* [Work order]: What is needed is a faithful copy of all the entries, with no pictures in it.

* [Exercise materials]:
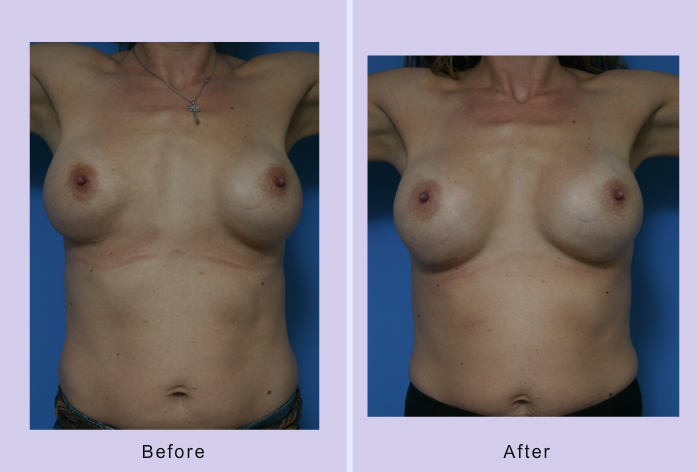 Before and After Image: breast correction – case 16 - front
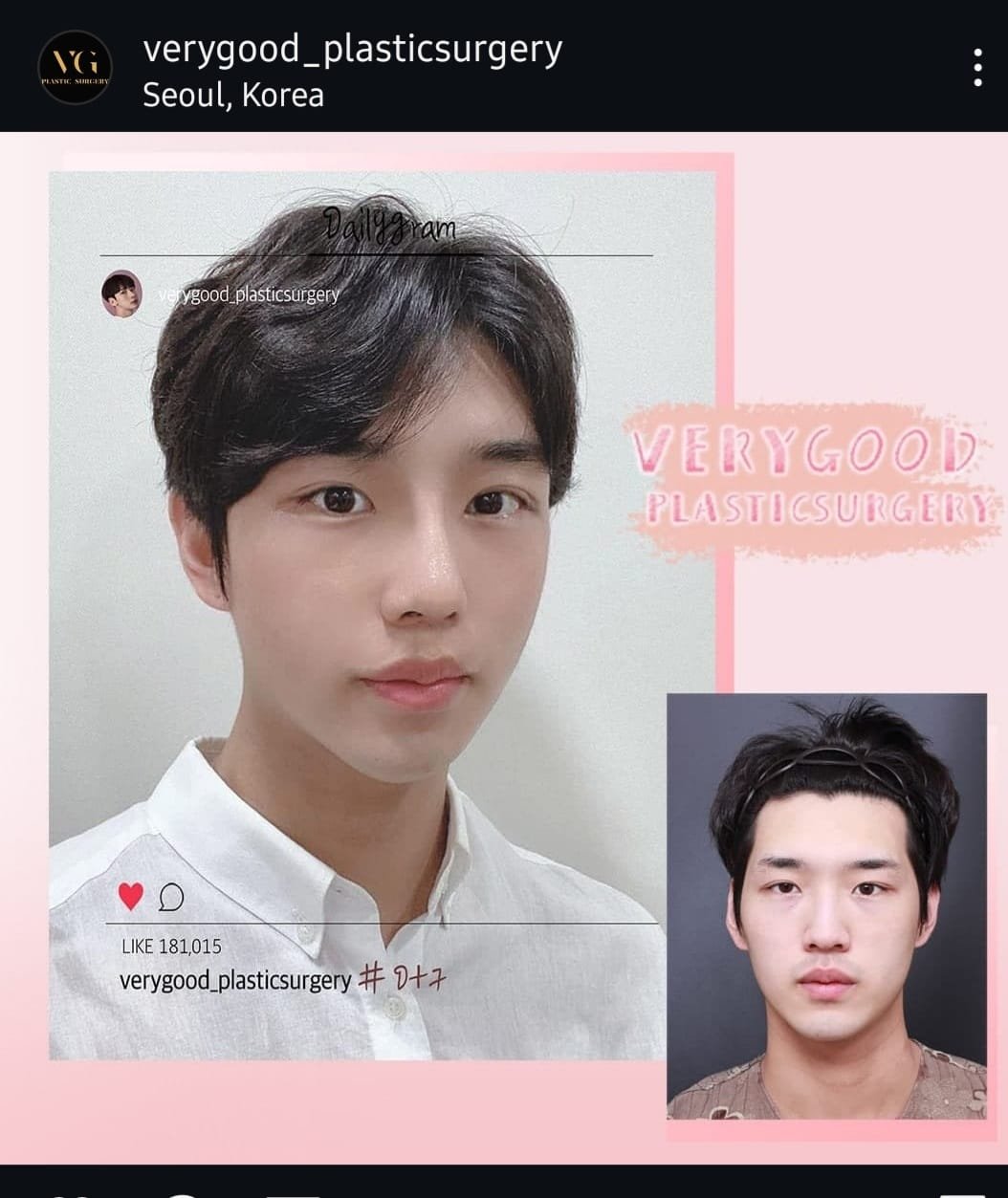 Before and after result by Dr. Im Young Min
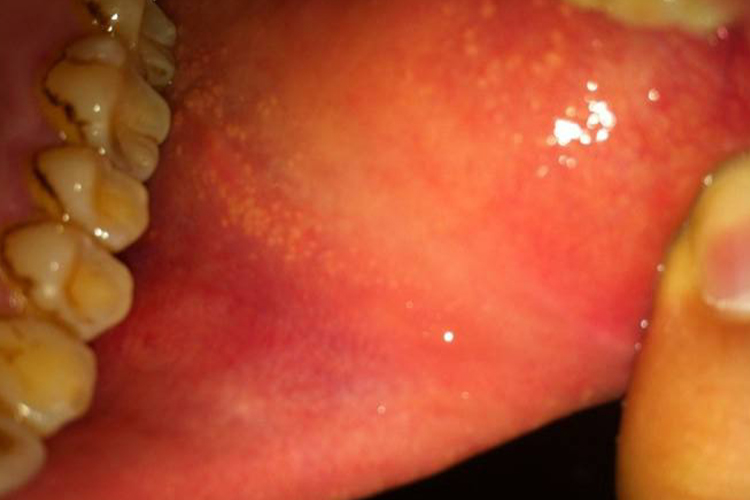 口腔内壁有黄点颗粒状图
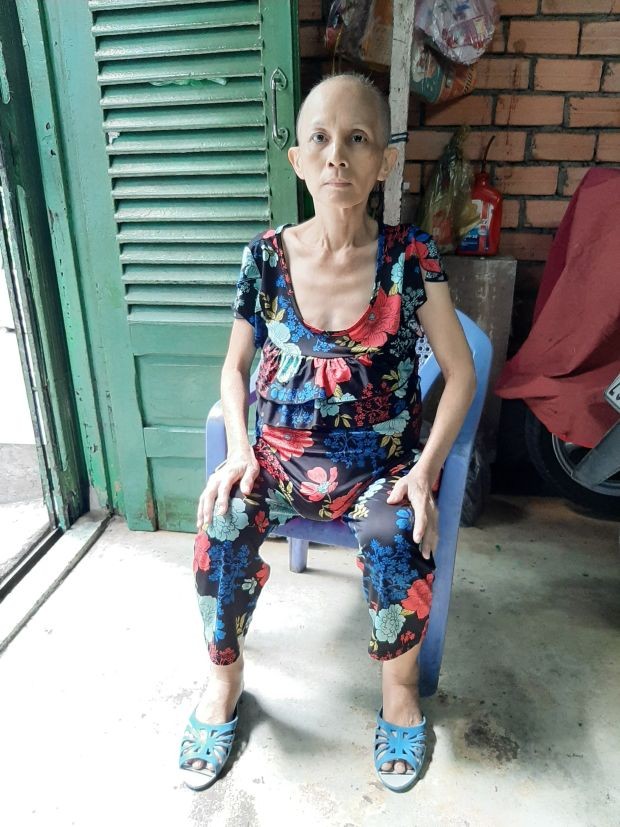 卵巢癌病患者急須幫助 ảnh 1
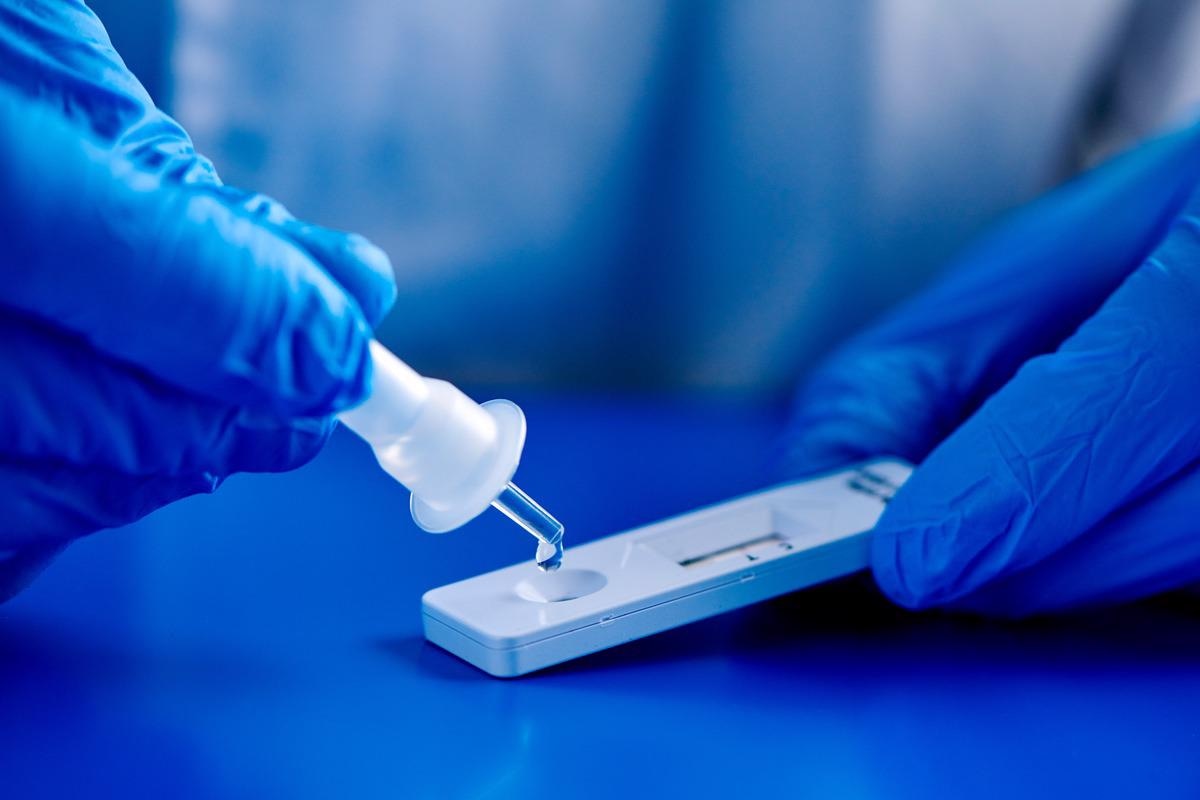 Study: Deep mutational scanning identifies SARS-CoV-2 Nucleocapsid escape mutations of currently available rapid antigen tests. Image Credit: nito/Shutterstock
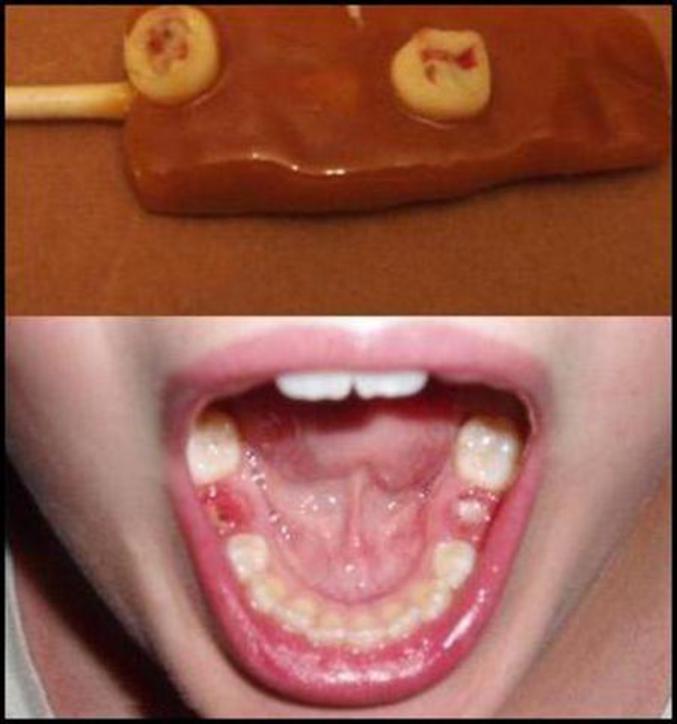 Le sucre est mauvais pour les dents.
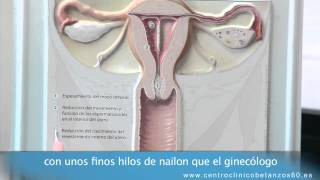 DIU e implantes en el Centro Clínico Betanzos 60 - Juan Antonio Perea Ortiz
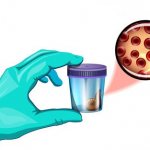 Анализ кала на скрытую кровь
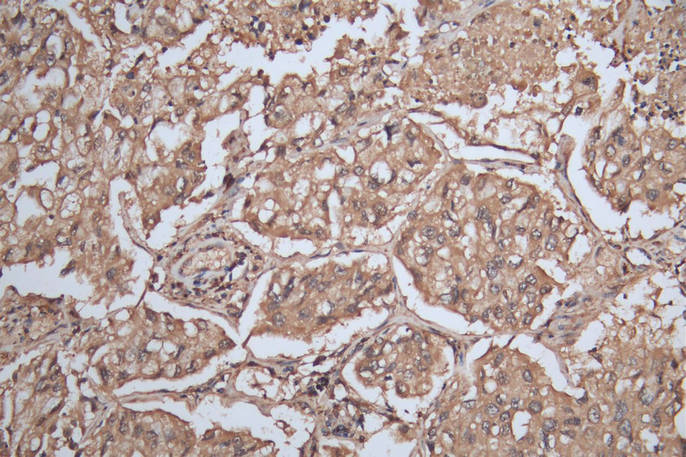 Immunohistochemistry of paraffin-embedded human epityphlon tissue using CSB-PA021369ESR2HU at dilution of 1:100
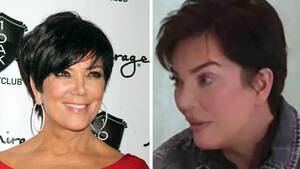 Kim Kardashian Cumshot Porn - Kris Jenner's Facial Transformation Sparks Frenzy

* [Answer for this exercise]:
 Before and After Image: breast correction – case 16 - front
 Before and after result by Dr. Im Young Min
 口腔内壁有黄点颗粒状图
 卵巢癌病患者急須幫助 ảnh 1
 Study: Deep mutational scanning identifies SARS-CoV-2 Nucleocapsid escape mutations of currently available rapid antigen tests. Image Credit: nito/Shutterstock
 Le sucre est mauvais pour les dents.
 DIU e implantes en el Centro Clínico Betanzos 60 - Juan Antonio Perea Ortiz
 Анализ кала на скрытую кровь
 Immunohistochemistry of paraffin-embedded human epityphlon tissue using CSB-PA021369ESR2HU at dilution of 1:100
 Kim Kardashian Cumshot Porn - Kris Jenner's Facial Transformation Sparks Frenzy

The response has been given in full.